An intermediate step to a post-scarcity society is shown in Neal Stephenson's The Diamond Age, where fabricator technology allows the growth of any item that one has design plans for - however, the poor receive a lesser amount of energy and resources per day to use, and thus have to wait longer for their items to be fabricated. Also, their items tend to be smaller, as they have no access to large-scale fabricators. This system, fuelled by a centrally-distributed matter 'feed' is eventually replaced by the protean 'seed', which is able to take in raw materials from its environment to develop into whatever its program dictates. No longer bound to the aristocratically-controlled feeds, the society moves to a post-scarcity economy.

James P. Hogan has written several works where post-scarcity plays a major role. Voyage from Yesteryear details the society of the "Chironians", embryo colonists of Alpha Centauri who have adopted such a lifestyle. Cradle of Saturn and its sequel The Anguished Dawn is mostly told from the perspective of the "Kronians", a pseudo-religion who colonize Saturn's largest satellite in the process of developing such a society. Both stories are driven by the difficulties of changing an existing economic paradigm, and postulate that a fresh start may be necessary to overcome old thinking about money and possessions.

Rudy Rucker also dealt with this jarring transition in Realware in which humans receive an alien device that can instantiate any consumer product they have seen. This leads to a breakdown of the market, with stores blacking out their windows in a vain attempt to prevent people from 'copying' their products. Still, people who do buy the products find them instantly copied once out on the streets.

Iain M. Banks' The Culture stories center around an advanced spacefaring civilization that has used artificial intelligences to provide extremely abundant (and in daily practice unlimited) amounts of goods and services using advanced technology, describing a fully post scarcity society, which also attempts to influence other galactic societies towards the advanced cultural stage that freedom from greed and material need has allowed it.
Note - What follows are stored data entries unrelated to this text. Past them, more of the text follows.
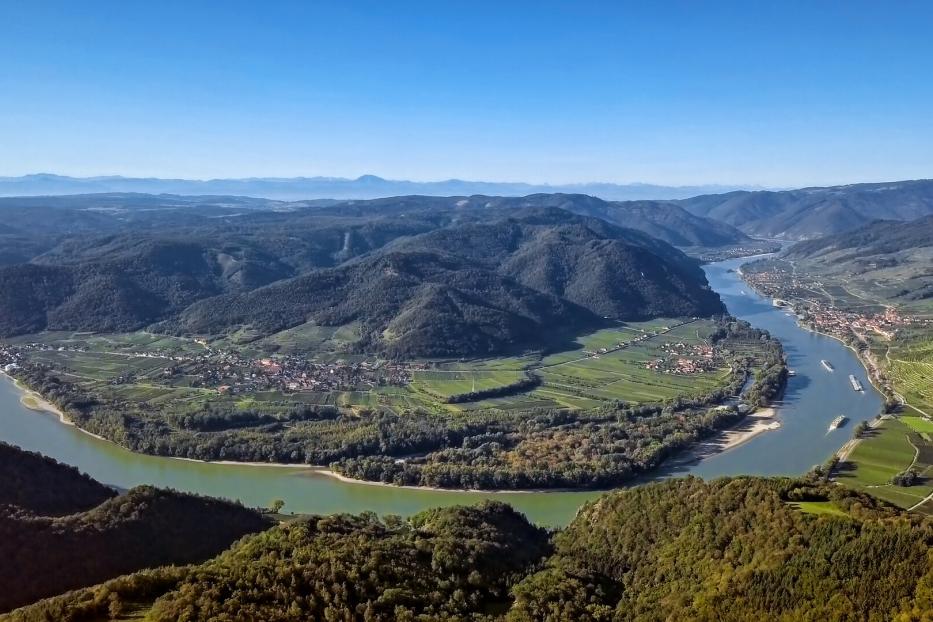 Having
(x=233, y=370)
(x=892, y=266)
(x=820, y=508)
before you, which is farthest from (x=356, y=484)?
(x=892, y=266)

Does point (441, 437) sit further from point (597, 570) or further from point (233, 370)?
point (233, 370)

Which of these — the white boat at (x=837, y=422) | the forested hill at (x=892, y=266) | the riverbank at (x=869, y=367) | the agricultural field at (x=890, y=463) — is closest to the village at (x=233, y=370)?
the white boat at (x=837, y=422)

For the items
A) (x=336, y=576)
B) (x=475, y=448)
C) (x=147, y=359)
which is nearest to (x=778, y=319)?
(x=475, y=448)

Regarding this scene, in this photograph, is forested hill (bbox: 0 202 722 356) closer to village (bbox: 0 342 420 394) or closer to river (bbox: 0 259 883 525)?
village (bbox: 0 342 420 394)

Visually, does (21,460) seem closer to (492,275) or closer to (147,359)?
(147,359)

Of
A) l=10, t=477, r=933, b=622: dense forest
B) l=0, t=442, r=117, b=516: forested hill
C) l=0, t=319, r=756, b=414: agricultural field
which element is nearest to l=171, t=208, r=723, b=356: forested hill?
l=0, t=319, r=756, b=414: agricultural field

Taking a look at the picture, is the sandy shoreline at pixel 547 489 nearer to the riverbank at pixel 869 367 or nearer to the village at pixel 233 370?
the village at pixel 233 370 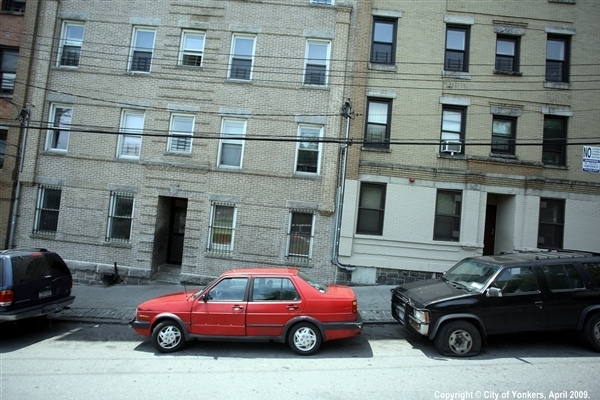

There have also been fully dystopian science fiction societies where all people's physical needs are provided for by machines, but this causes humans to become overly docile, uncreative and incurious. Examples include E. M. Forster's 1909 short story The Machine Stops and Arthur C. Clarke's 1956 novel The City and the Stars. "Riders of the Purple Wage", Philip José Farmer's dystopian 1967 science fiction novella also explores some ramifications of a future wherein technology allows everyone's desires to be met. In Stanislaw Lem's Cyberiad, a central motif is unbounded progress of technology. In The Highest Possible Level of Development civilization, the inhabitants have become passive, and the visitors have to shoo away machines trying to comfort them. In H.G. Wells' The Time Machine, the Time Traveller speculates, based on the Eloi, that mankind had been "armed with a perfected science" which reduced all dangers in nature, epitomised by the quote: "Strength is the outcome of need".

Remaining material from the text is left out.